Die Schwarzgeld-Affäre der CDU in Hessen soll nun doch ein gerichtliches Nachspiel haben. Das entschied gestern der 3. Strafsenat des Frankfurter Oberlandesgerichts (OLG). Die Konten mit dem illegalen Parteivermögen waren in der Schweiz angelegt und später in Liechtenstein unter dem Decknamen „Zaunkönig“ vom ehemaligen Bundesinnenminister Manfred Kanther, dem einstigen CDU-Schatzmeister Casimir Prinz zu Sayn-Wittgenstein und dem Finanzberater Horst Weyrauch versteckt und verwaltet worden. Alle drei müssen sich nun vor Gericht verantworten. Das OLG stellte fest, der Untreue-Verdacht gegen Kanther sowie jener der Beihilfe durch seine beiden Parteifreunde reiche aus, um ein Strafverfahren zu eröffnen.
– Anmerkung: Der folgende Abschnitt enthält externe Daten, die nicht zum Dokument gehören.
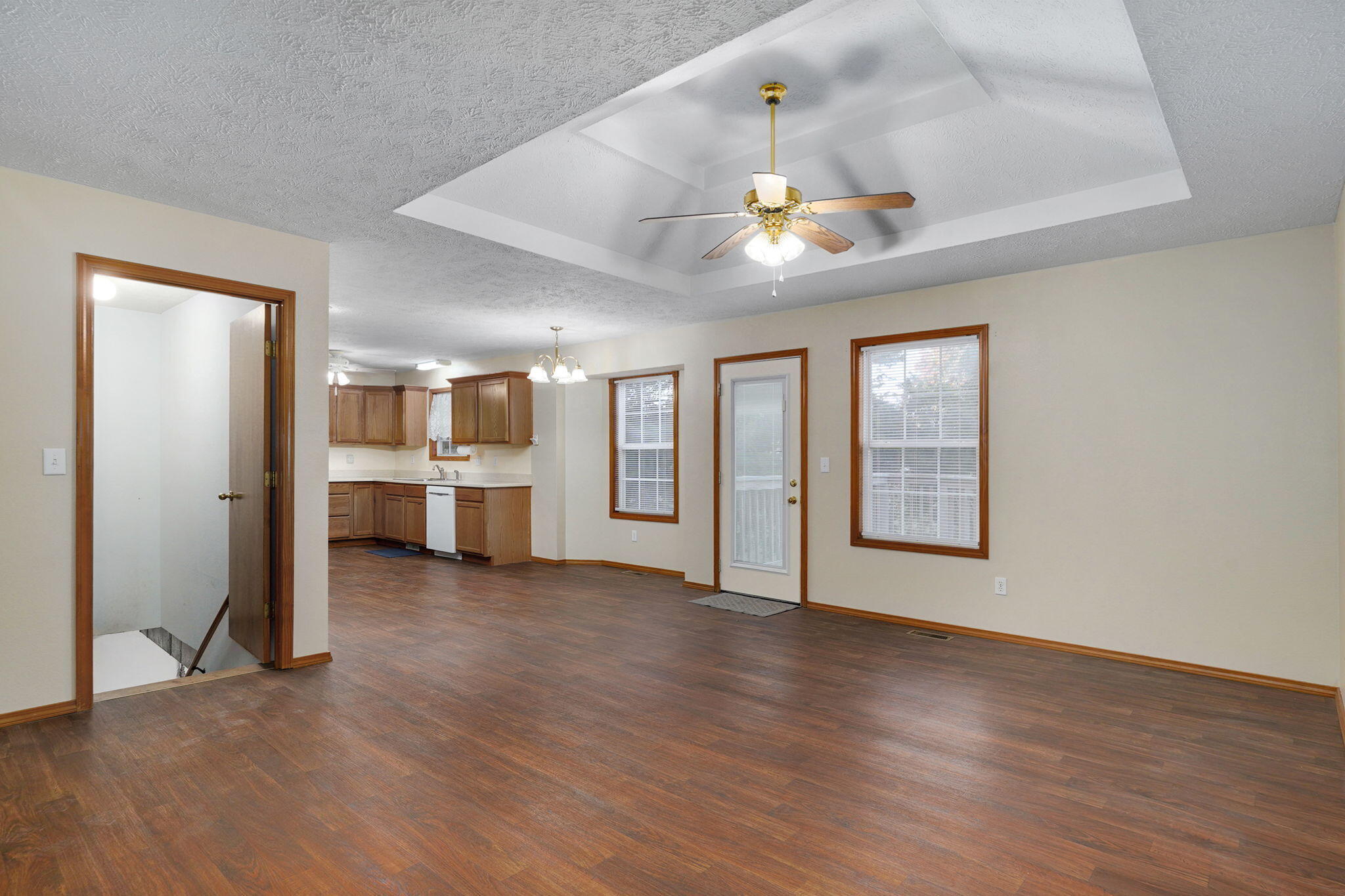 1103 East Lark Street Property Photo 7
Das hatte das Landgericht in Wiesbaden in einer Entscheidung im März 2002 noch anders gesehen. Es lehnte damals eine Anklage gegen Kanther ab. Die Tat sei fast 20 Jahre her und damit verjährt, der CDU sei auch kein Schaden zugefügt und das Parteivermögen nicht gefährdet worden. Die Staatsanwaltschaft legte Beschwerde ein. Die Frankfurter Richter gaben ihr nun Recht. Die Verjährungsfrist beginne erst mit der Aufdeckung der Konten im Winter 1999. Außerdem sei die CDU schon dadurch geschädigt worden, dass sie über ihr Geld nicht habe frei verfügen können. Zudem sei sie in der Folge von Bundestagspräsident Wolfgang Thierse (SPD) wegen falscher Rechenschaftsberichte mit einer Geldstrafe von 20 Millionen Euro belegt worden.

Kanther hatte am 14. Januar 2000 während einer Pressekonferenz eingestanden, 1983 als Generalsekretär für seine Partei über 20 Millionen Mark ins Ausland geschafft zu haben. Das Geld soll er zusammen mit Sayn-Wittgenstein von Konten der CDU-Hessen abgehoben und in der Schweiz wieder eingezahlt haben. Es floss nach und nach, getarnt als Kredite und jüdische Vermächtnisse, in die Parteikassen in Deutschland zurück. Bis heute blieb ungeklärt, woher es wirklich stammte. Immer wieder war vermutet worden, es handele sich um christdemokratische Restbestände aus der Staatsbürgerlichen Vereinigung, die als Waschanlage für Parteispenden aufgelöst worden war.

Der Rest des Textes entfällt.